Trump Signs Order Seeking Govt Access to New AI Releases

Trump Signs Order Seeking Govt Access to New AI Releases

France 24 AI
France 24 AIJun 2, 2026

Companies Mentioned

Why It Matters

Early government review aims to mitigate national‑security risks from powerful AI while trying to preserve the United States’ competitive edge in the global AI race. The balance between security oversight and innovation speed will shape future AI governance.

Key Takeaways

  • Trump order mandates 30‑day pre‑release government review of top AI models
  • OpenAI, Google, Anthropic must submit advanced models for security vetting
  • New AI cybersecurity clearinghouse to coordinate vulnerability fixes across sectors
  • Order balances national security with industry pushback on regulation
  • Voluntary framework contrasts with EU’s binding AI Act requirements

Pulse Analysis

President Trump signed an executive order on Tuesday that establishes a voluntary framework for AI developers to share their most advanced models with the U.S. government before public launch. The order gives companies such as OpenAI, Google and Anthropic a 30‑day window to provide the Treasury, NSA and CISA access to the models for security review. The provision was a compromise between an original 90‑day request and industry pressure for a 14‑day limit, and it follows concerns that Anthropic’s Mythos model could expose critical infrastructure vulnerabilities.
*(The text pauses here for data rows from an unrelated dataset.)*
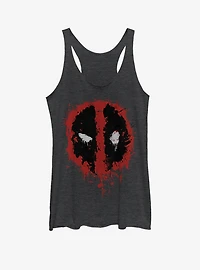 Marvel Deadpool Splatter Icon Girls Tank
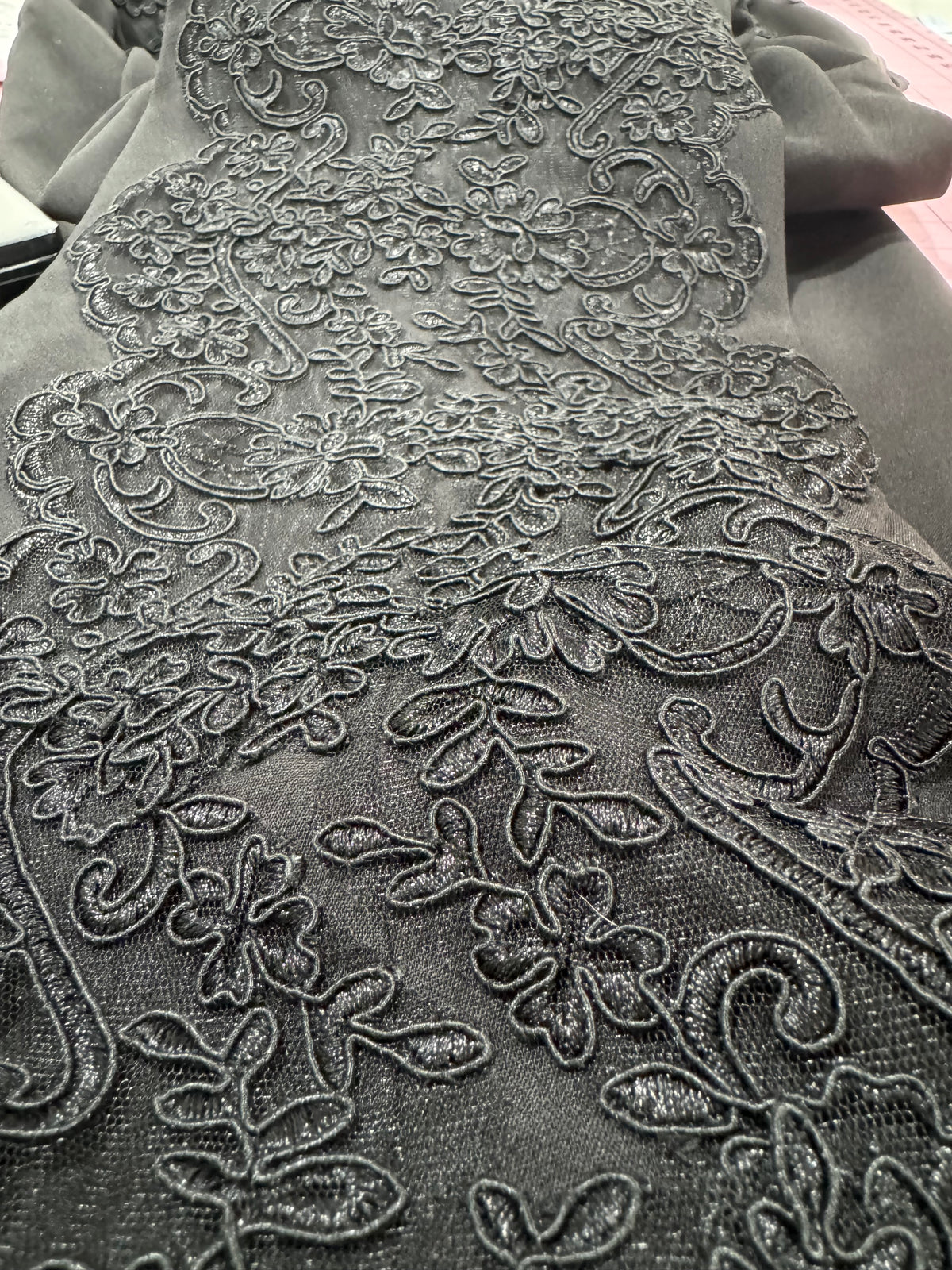 Black Lace Pants Leg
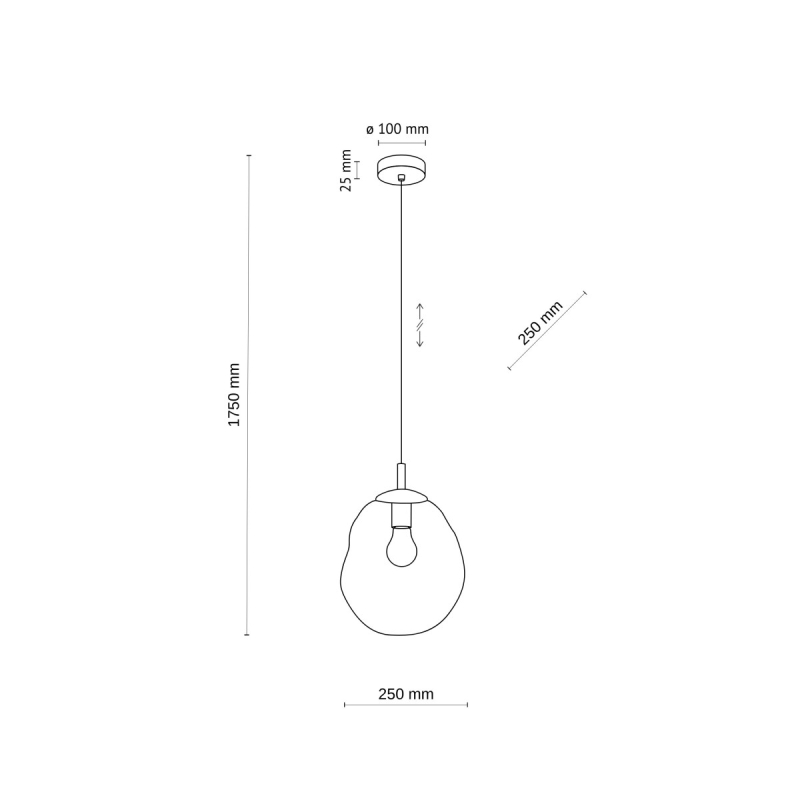 Lampa wisząca LAVA 11326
The measure is positioned as a safeguard for national security while preserving the United States’ lead in the global AI race, particularly against China’s rapid advancements. Industry leaders have praised the 30‑day compromise, with OpenAI’s Sam Altman calling it a balanced approach, but venture‑capitalist David Sacks warned that any additional bureaucracy could slow innovation. Compared with President Biden’s 2023 order, which relied on voluntary safety‑test disclosures, Trump’s directive adds a formal review step, yet it still falls short of the European Union’s AI Act, which imposes binding compliance for high‑risk systems.

The order also tasks Treasury, the National Security Agency and the Cybersecurity and Infrastructure Security Agency with creating an AI cybersecurity clearinghouse to coordinate vulnerability identification and remediation across critical‑infrastructure operators. If the clearinghouse gains industry buy‑in, it could become a de‑facto early‑warning system for emerging threats, but its voluntary nature may limit enforcement power. Observers expect future administrations to tighten the framework, potentially moving from voluntary sharing to mandatory pre‑release reviews, a shift that would reshape the balance between innovation speed and national‑security safeguards.